In just two weeks, tens of thousands of people in Silicon Valley have lost their jobs after Twitter, Meta, Stripe and other tech companies laid off double-digit percentages of their workforce.
More job cuts in the tech sector could follow in the coming weeks: Google and Amazon recently imposed hiring slowdowns and freezes, according to Google and Amazon The Washington Postand Amazon plans to lay off about 10,000 employees, The New York Times reports.
So that begs the question: where are all these workers going to go?
Masha Bucher believes some of the people hit by tech layoffs this year will start their own successful businesses – so much so that she’s willing to bet $2 million on it.
On November 8th, Day One Ventures, the San Francisco-based venture capital firm Bucher founded in 2018, announced “Promoted, Not Fired” a program that aims to invest $100,000 in 20 new startups, each with at least one founder recently fired by a tech company.
“VC investors are sitting on billions of dollars and now we have thousands of talented people in tech, sales, support and other roles looking for new employment opportunities – so why not put some of that money to work for them?” Bucher, who is also a personally liable partner in the company, told CNBC does it.

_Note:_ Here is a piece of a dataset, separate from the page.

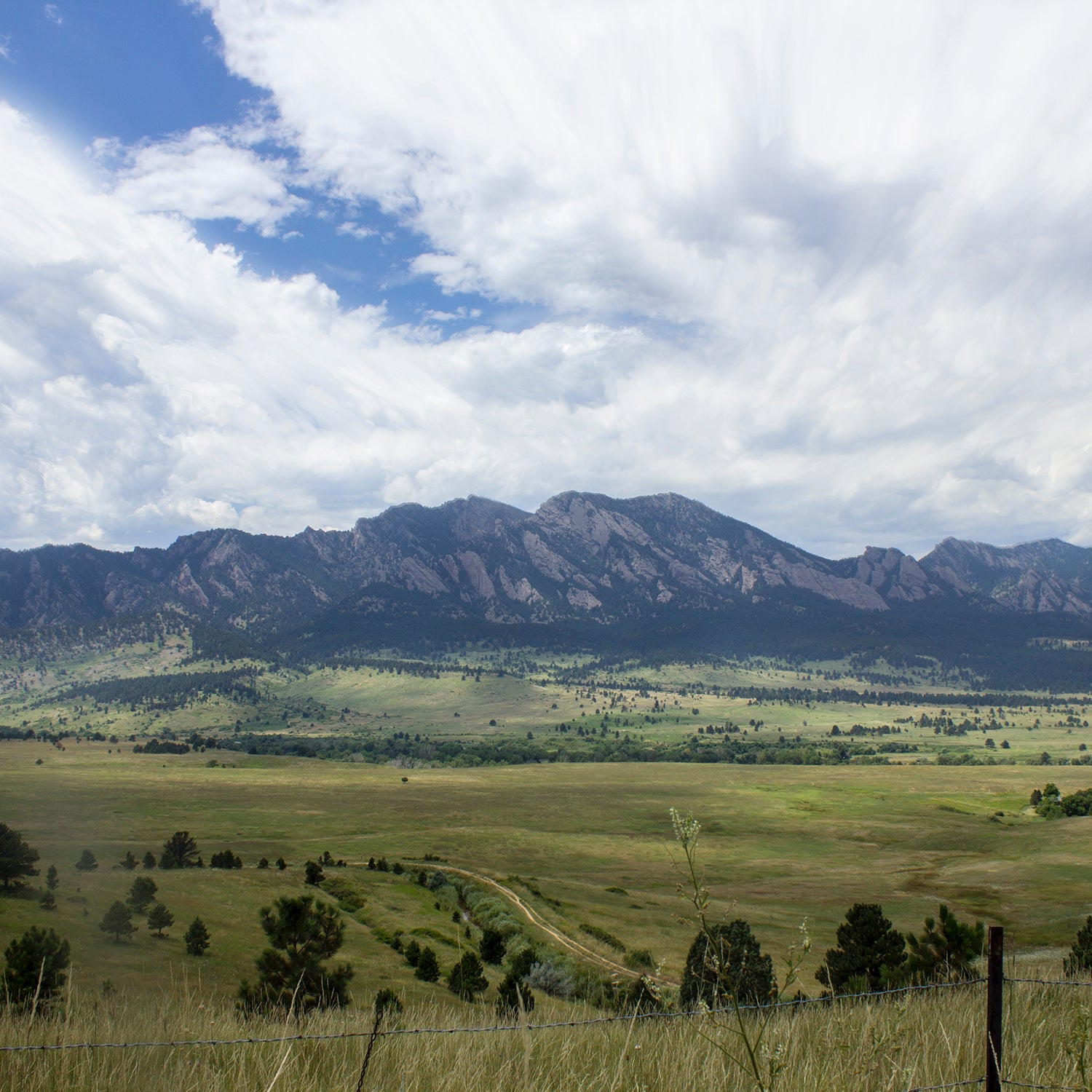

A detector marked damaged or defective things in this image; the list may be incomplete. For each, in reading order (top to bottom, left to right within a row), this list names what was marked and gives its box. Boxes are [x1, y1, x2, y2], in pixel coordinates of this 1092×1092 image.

rusty fence post [990, 926, 1008, 1092]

The 33-year-old understands firsthand the fear and confusion that comes with letting go — she’s been fired twice during her career, the first time when she was just 19. While she felt “disheartened and embarrassed” at the time, Bucher is ultimately grateful for the experience.
“Being laid off was the best thing that has ever happened to me,” she says, adding that becoming a full-time entrepreneur was a “wake-up call” for her.
Born and raised in rural Russia, Bucher spent the early part of her career at the helm of Nashi, a pro-government Russian youth movement backed by the Kremlin (she claims she did). long shunned Russian funding and told The Wall Street Journal that her past with Nashi was “another life”).
In 2014, Bucher emigrated to the US and opened an M&A PR studio that has run advertising campaigns for clients such as Houzz, HotelTonight and WeWork, as well as other tech companies (the studio is still active, but Bucher left in 2018 to focus on building from Day to focus on a gamble).
Bucher used the skills and connections from her blossoming tech career to launch Day One Ventures just four years later. The company has raised approximately $100 million, invested that money in over 100 companies and advanced their communications strategies. Day One Ventures’ portfolio spans a variety of companies, from email tool Superhuman to parenting website Winnie.
Aspiring founders don’t need a fully drafted startup pitch to qualify for the program — the application only asks for details about the founders’ background, their startup ideas, business interests, areas of expertise, and a compelling reason why they should receive the funding.
The application deadline for Funded Not Fired is November 25, 2022, with final decisions to be announced by December 20, 2022. Bucher says she and her team have already received hundreds of applications.
She stressed that the program is “not a charity” and that while they are the inspiration for “Funded Not Fired,” former Stripe and Twitter employees are not given preferential treatment.
“I hope that we do something more than just give technicians hope,” says Bucher. “Being a founder can be one of the most creative and rewarding jobs in the world, one where you can have a big, far-reaching impact… I want to introduce people to this path and show them that there are other ways to be successful.”